The word “dual” has always inspired car fans. Dual carburetors once promised a boost in performance, sometimes enhanced by dual camshafts. Dual exhausts are back in fashion, only from a design point of view though. Is it the same for dual headlights?
Yes and no. Dual headlights are an invention of the 1960s in Europe. For single headlights with combined dipped and high beam only one single light source used to be available in Europe. It was the R2 two-filament lamp, also known as the Osram Bilux®. But then halogen lamps have been around since 1961, although they only had one filament, which means they could only provide either dipped or high beam. This led to the idea of using a separate headlight for each function. Dual headlights were born.

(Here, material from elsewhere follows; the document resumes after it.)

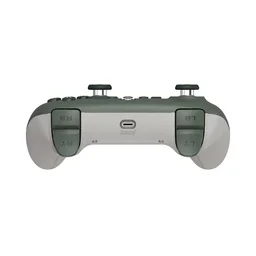 86158_tay_cam_choi_game_8bitdo_ultimate_c_wired_controller_cho_xbox_mau_dark_green_3.jpg 2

While halogen lamps in the form of the H4 lamp have been around since 1974, offering dipped and high beam from one single headlight, dual halogen headlights are still a sensible solution. The lamp types used, such as the H1 and H7, are superior to the H4 lamp, and the headlights can be optimized for the particular light. The headlights just shouldn’t be too small. There are cases where a really big single headlight with H4 is superior to its little dual brothers – at least as far as dipped beam is concerned.
When xenon technology first found its way into cars, dual headlights were in fashion again. During the first few years, the new light was only available in dipped beam headlights. The much more rarely used high beam continued to come from a separate halogen headlight. Then bi-xenon lit up the darkness and dual headlights actually became superfluous. Now dipped and high beam came from one headlight, and it would have been good for it to get the entire available space at the front of the vehicle. Size also matters when it comes to xenon. Designers fought tooth and nail (or perhaps drawing board and pencil) against the abolition of dual headlights. So bi-xenon also often got additional high beam headlights. They were only used for headlamp flashers though. Even though there was a compelling technical reason for this – igniting xenon lamps only for headlamp flashers creates no excessive wear – the main reason was very clearly the design.
That’s exactly how it is with the latest lighting technology, LEDs. Here, all the lighting functions are possible from one single headlight, and that’s indeed sensible from a technical point of view. However, designers at some manufacturers stick tenaciously to the design options offered by dual headlights. And concepts such as the “four-eyed face” also still play a major role. Even though the technology is actually outdated.